On the Snail Trail | CookingDistrict.com

On the Snail Trail

Snails are a forkful too far for some people, but snails have a long and illustrious gastronomic history. On digs at prehistoric sites, archeologists have found great piles of empty snail shells. The Romans were very fond of them too and created snaileries where they were fattened up on a diet of wine and bran. In the Middle Ages they were served fried with onions or roasted over the fire on skewers. Sailors took them alive on board their ships for a meaty morsel while out at sea.

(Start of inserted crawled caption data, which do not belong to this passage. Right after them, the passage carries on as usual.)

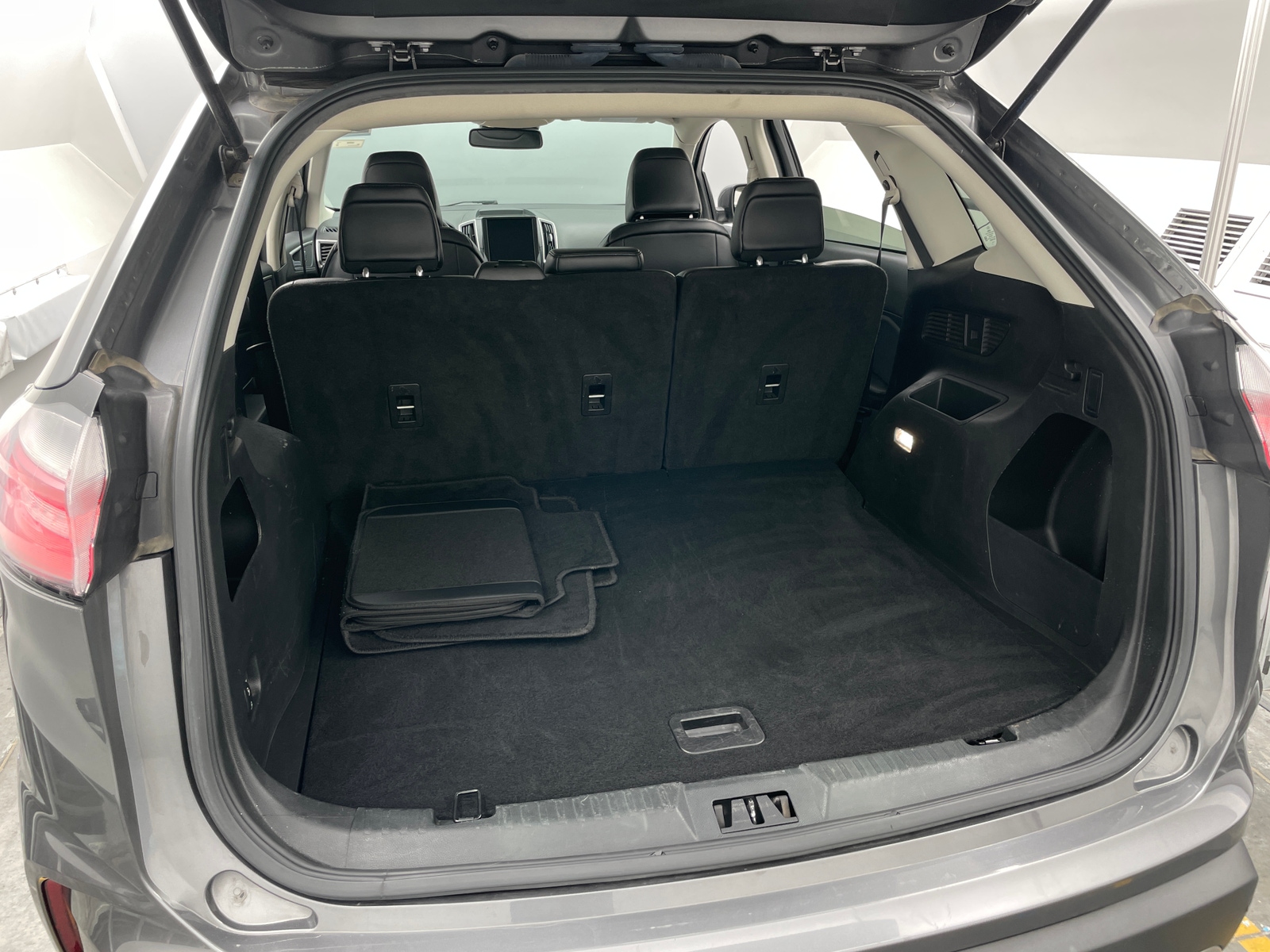 Thumbnail: 2023 Ford Edge - 6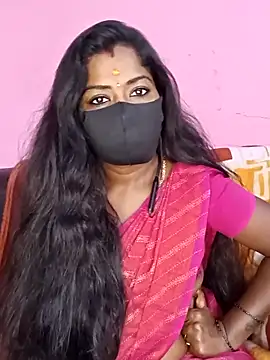 Snapshot of tamilammukuttyy chatting on 11-15-25, 02:42 tamilammukuttyy online show from 11-15-25, 02:42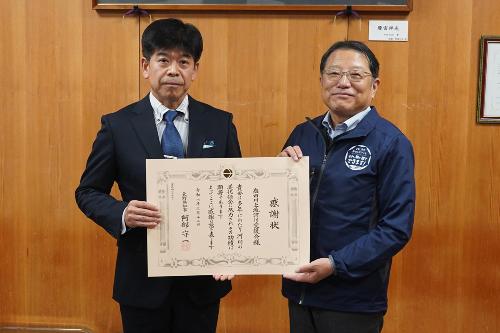 活動を市長に報告した馬塲代表（左）と伊藤市長（右）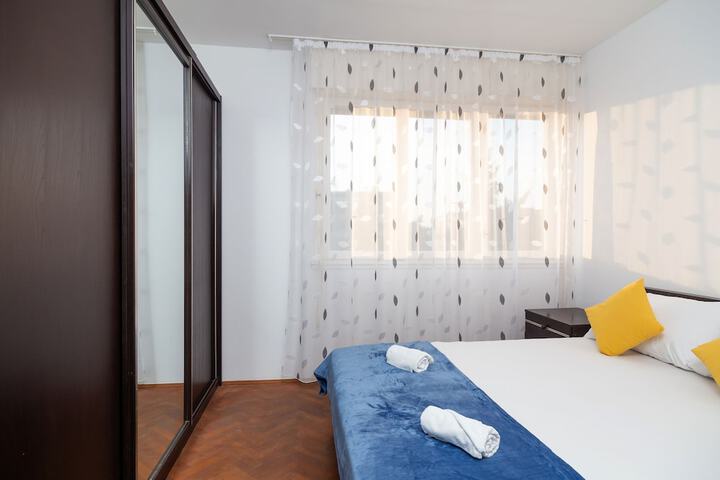Room 6 of 19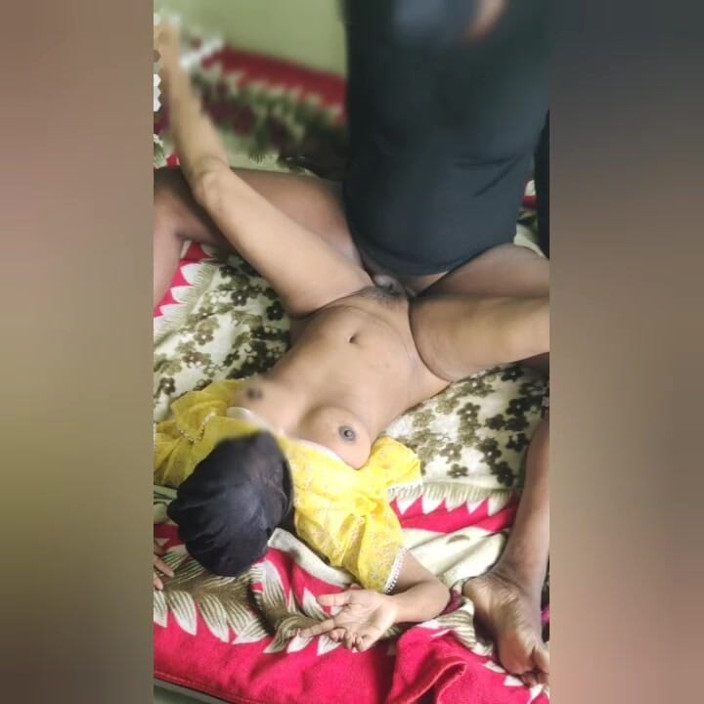 Tamilnaduu: Hintli kadın sert seks yapıyor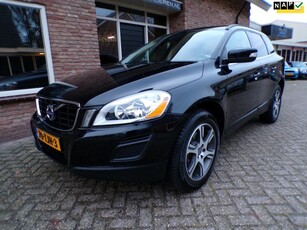 Volvo XC60 2.0 T5 Momentum Automaat / Leder / Navi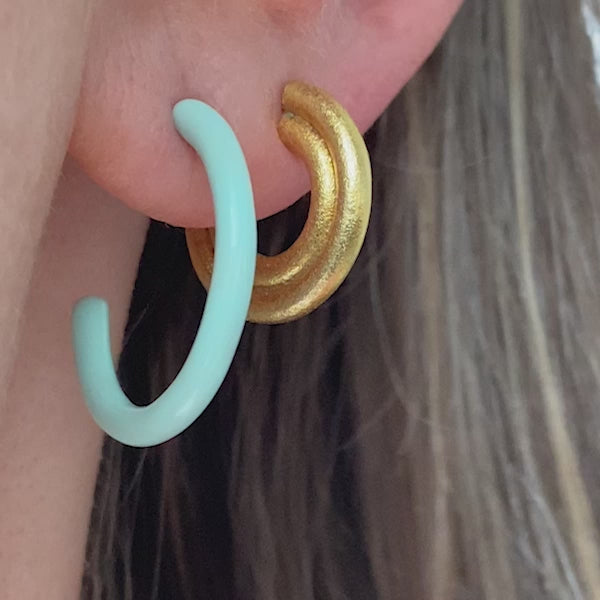 LULU Copenhagen Color Hoops Medium par Hoops Lyserød - Video preview
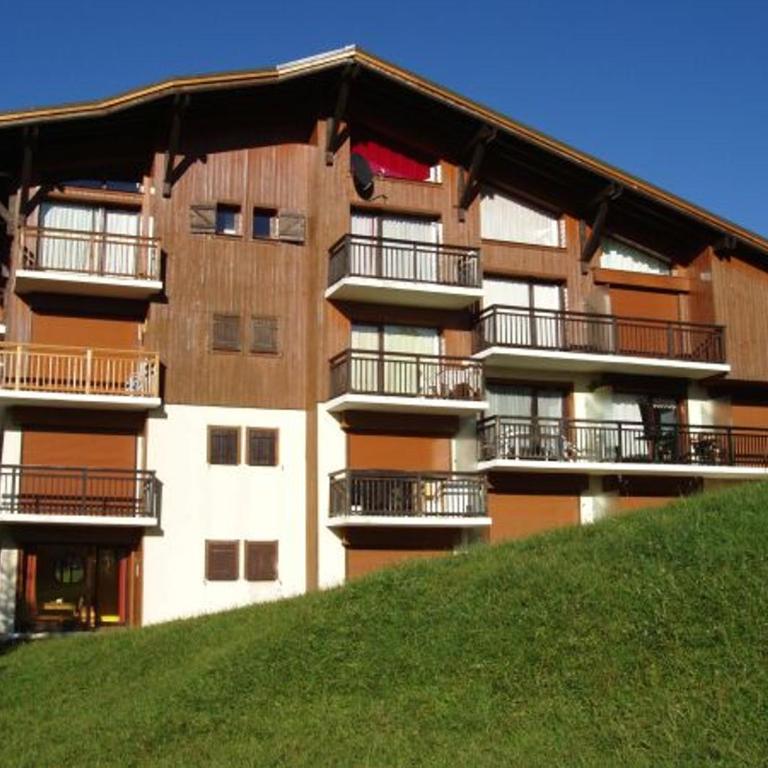 Appartement confortable avec terrasse et parking, proche centre - Appartement 1 Chambre - 17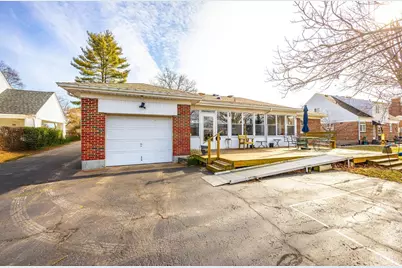 8101 Sagamore Drive, Amberley, OH 45236 - Photo 6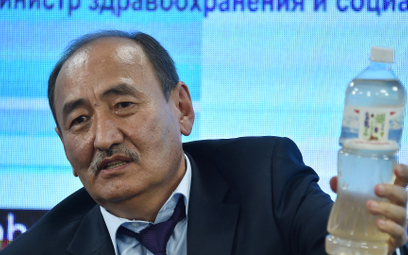 Minister zdrowia Kirgistanu Ałymkadyr Biejszenalijew i jego „cudowny lek” na COVID-19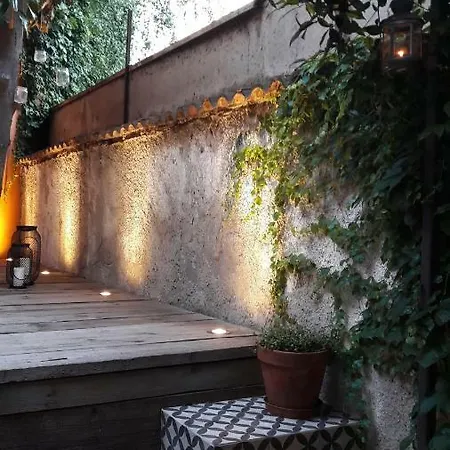 Guest house Tiare Milan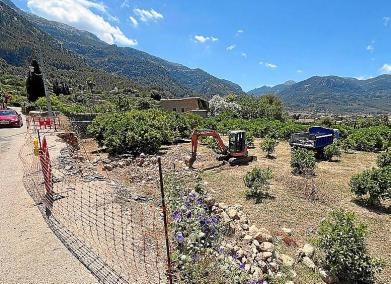 El camió bolcat a Biniaraix, retirat sense tenir permís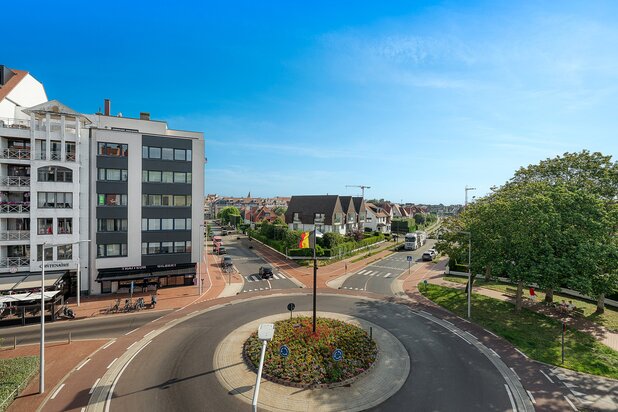 Stijlvol appartement op centrale locatie aan het Burgemeester Frans Desmedtplein.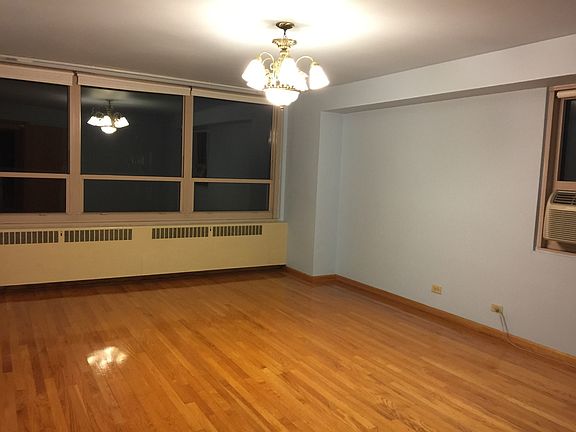 4th image of 3950 N Lake Shore Dr APT 2318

But it is the French who are the renowned eaters of these shelled gastropods. There, they mainly consume the Burgundy Snail or the Petit Gris, which incidentally is cultivated here in the USA. In the South of France they often cook them in wine with some salty bacon, a splash of olive oil, a few spices and of course a healthy helping of garlic. France is also the home to the classic entrée of snails stuffed with sizzling garlic butter, served in their shells in a special grooved dish called an escargotiere with a pair of tongs and a two pronged fork. The Portuguese are partial to a snail stew where they get through four tones a year. While the Greeks like to boil theirs in vinegar and also concoct a snail casserole with potatoes, tomatoes and squash. The Vietnamese use theirs to construct snail cakes, rather along the lines of what we would think of as a Thai fish cake. Even the British are getting in on the act, who hasn’t heard of Heston Blumenthall’s famous Snail Porridge.
In these thrifty times, it is possible to go gathering snails rather as they do in Provence, France. There they collect their snails and starve them for up to a week with just water and a smattering of thyme to impart flavor to the flesh. They are then steeped in salt and vinegar for a few hours, washed to remove the mucus, blanched for five minutes, followed by shelling to remove the black part at the end of the tail. Voila, there is your meaty and chewy delight.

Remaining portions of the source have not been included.